Hubbard states, "I know what a group of people will do and how insane they will go in accepting unworkable 'technology'. By actual record the percentages are about twenty to 100,000 that a group of human beings will dream up bad technology to destroy good technology." He also states, "See that Seven, Eight, Nine and Ten above are ruthlessly followed and we will never be stopped. Relax them, get reasonable about it and we will perish." The remainder of the document is further justifications for why "incorrect technologies and applications" have to be ruthlessly hammered out of existence to keep Scientology working, including one example where Hubbard claims that a failure to do this for one student of Scientology meant that "his wife died of cancer resulting from physical abuse."

In Janet Reitman's Inside Scientology, she quotes Hubbard: "Never let anyone be half-minded about being Scientologists," he wrote in Keeping Scientology Working. "When somebody enrolls, consider he or she has joined for the duration of the universe – never permit an 'open-minded approach'."

According to scholar Shannon Trosper Schorey, KSW "was a statement of the re-assertion of official church control over the proliferation of adaptations and interpretations of church practice." At the core of KSW is "the mandate that Scientology technology must at all times be practiced in consonance with official Church of Scientology guidelines."

The document ends with a caution that Scientology is a "deadly serious activity" and that everyone's futures for the next trillions of years depends on it. (Note: "We're not playing some minor game in Scientology. It isn't cute or something to do for lack of something better. The whole agonized future of this planet, every Man, Woman and Child on it, and your own destiny for the next endless trillions of years depend on what you do here and now with and in Scientology. This is a deadly serious activity. And if we miss getting out of the trap now, we may never again have another chance. Remember, this is our first chance to do so in all the endless trillions of years of the past. Don't muff it now because it seems unpleasant or unsocial to do Seven, Eight, Nine and Ten. Do them and we'll win.")

==Criticism==

===Germany===
The German Federal Office for the Protection of the Constitution has cited this passage as one of its reasons for designating Scientology an organization opposed to the democratic order.

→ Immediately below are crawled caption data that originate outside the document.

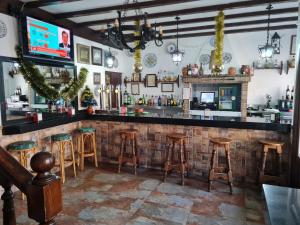 um bar com bancos e um balcão num restaurante em Hostal El Hidalgo em Villaluenga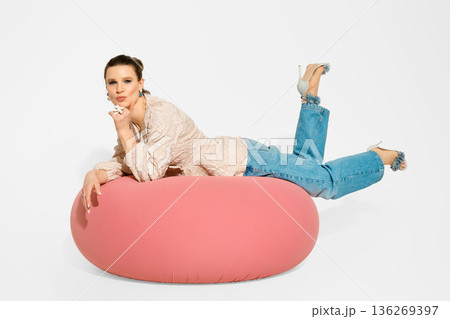 Model poses on pink bean bag while wearing casual clothes and high heels in studio setting 136269397
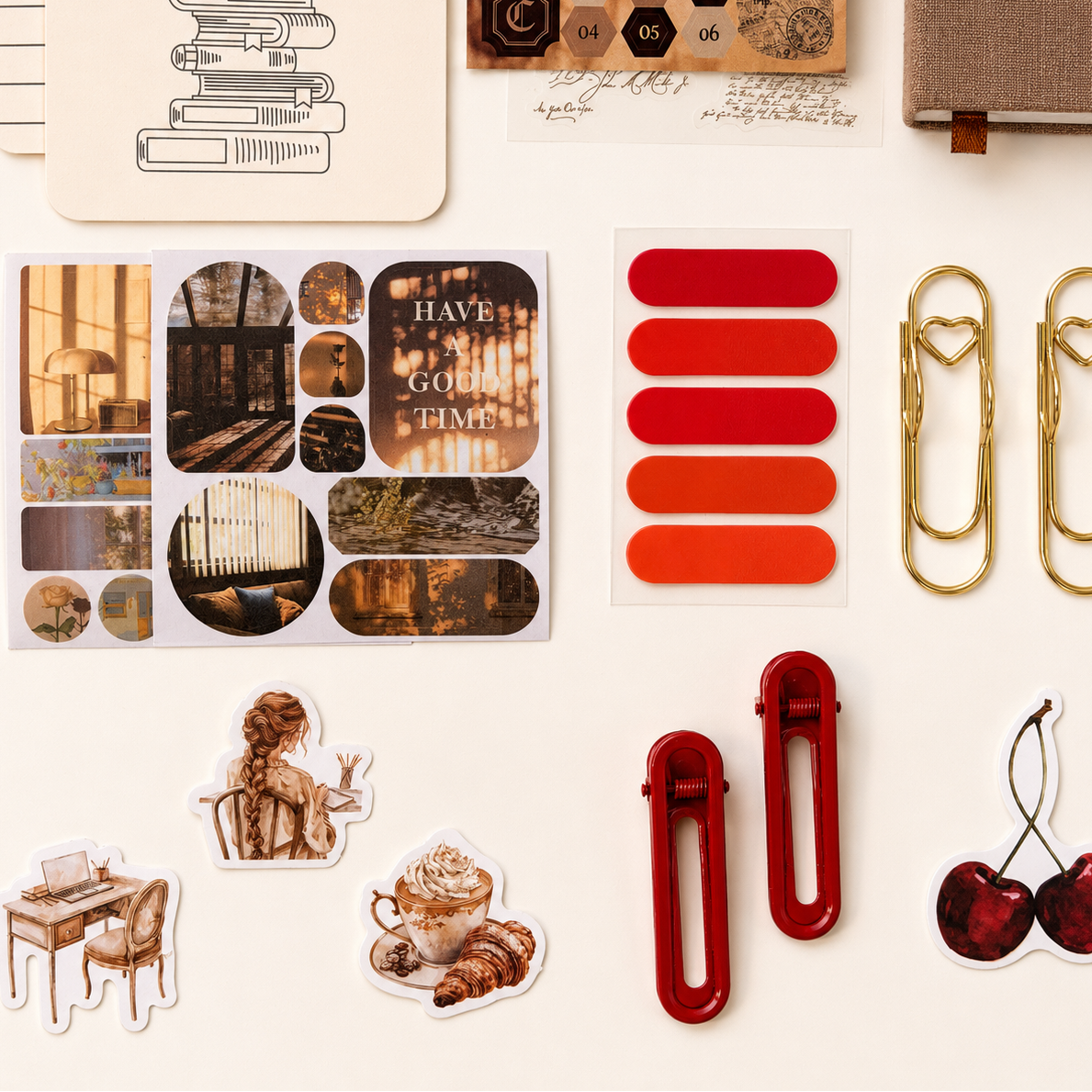 Collection of stationery items including stickers, clips, and paperclips on a light background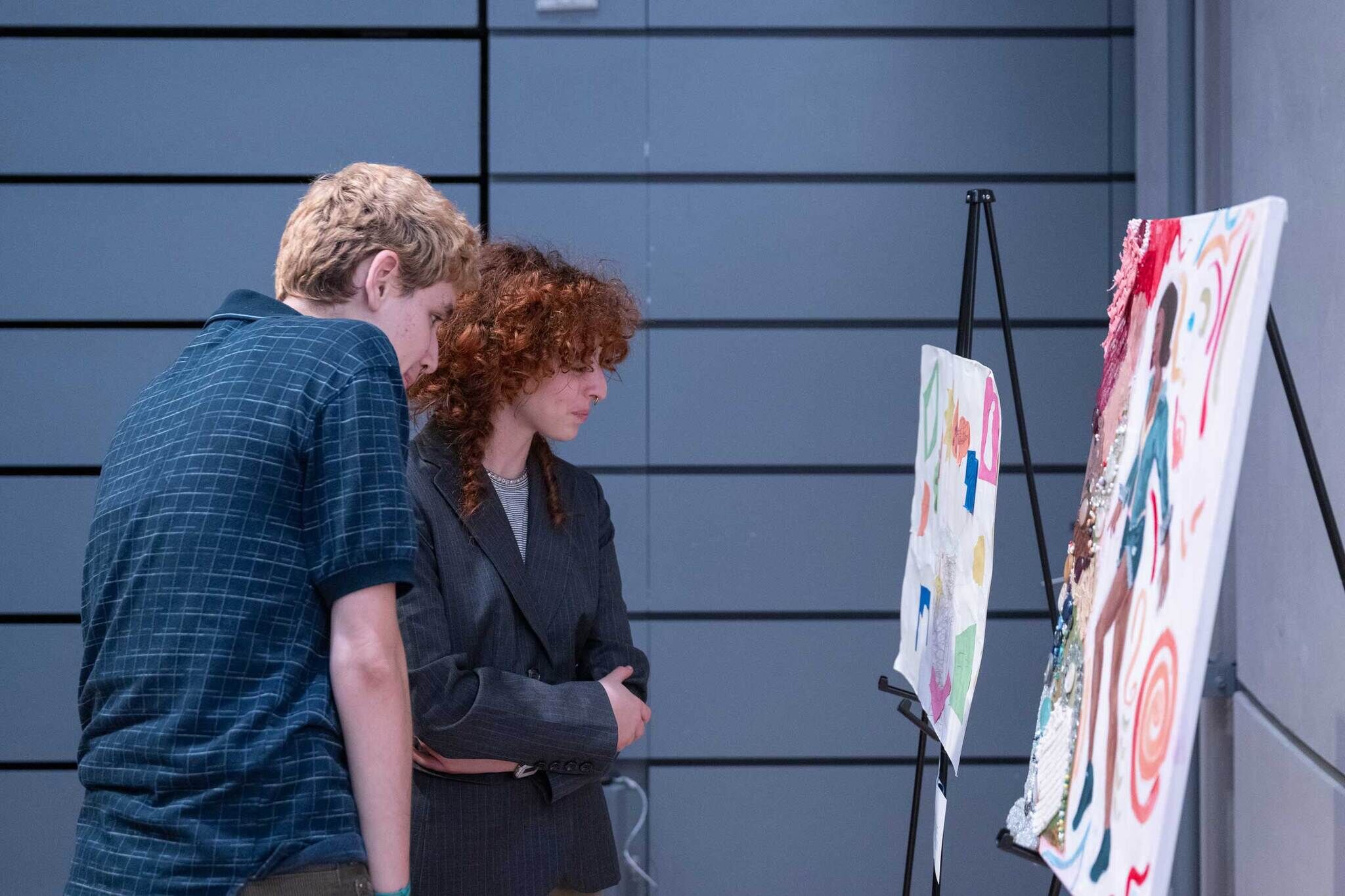 Two people closely examine colorful artwork displayed on easels in a modern indoor setting.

In a section on KSW point 4 "teaching correctly the correct technology" Hubbard states:The most trouble in the past two years came from orgs (organisations) where an executive in each could not assimilate straight Scientology. Under instruction in Scientology they were unable to define terms or demonstrate examples of principles... When we instruct half-mindedly and are afraid to offend, scared to enforce, we don't make students into good Scientologists... The proper instruction attitude is, "You're here so you're a Scientologist. Now we're going to make you into an expert auditor no matter what happens. We'd rather have you dead than incapable."This last sentence has been cited in a report by the state government of Baden-Württemberg as evidence that Scientology represents a totalitarian ideology.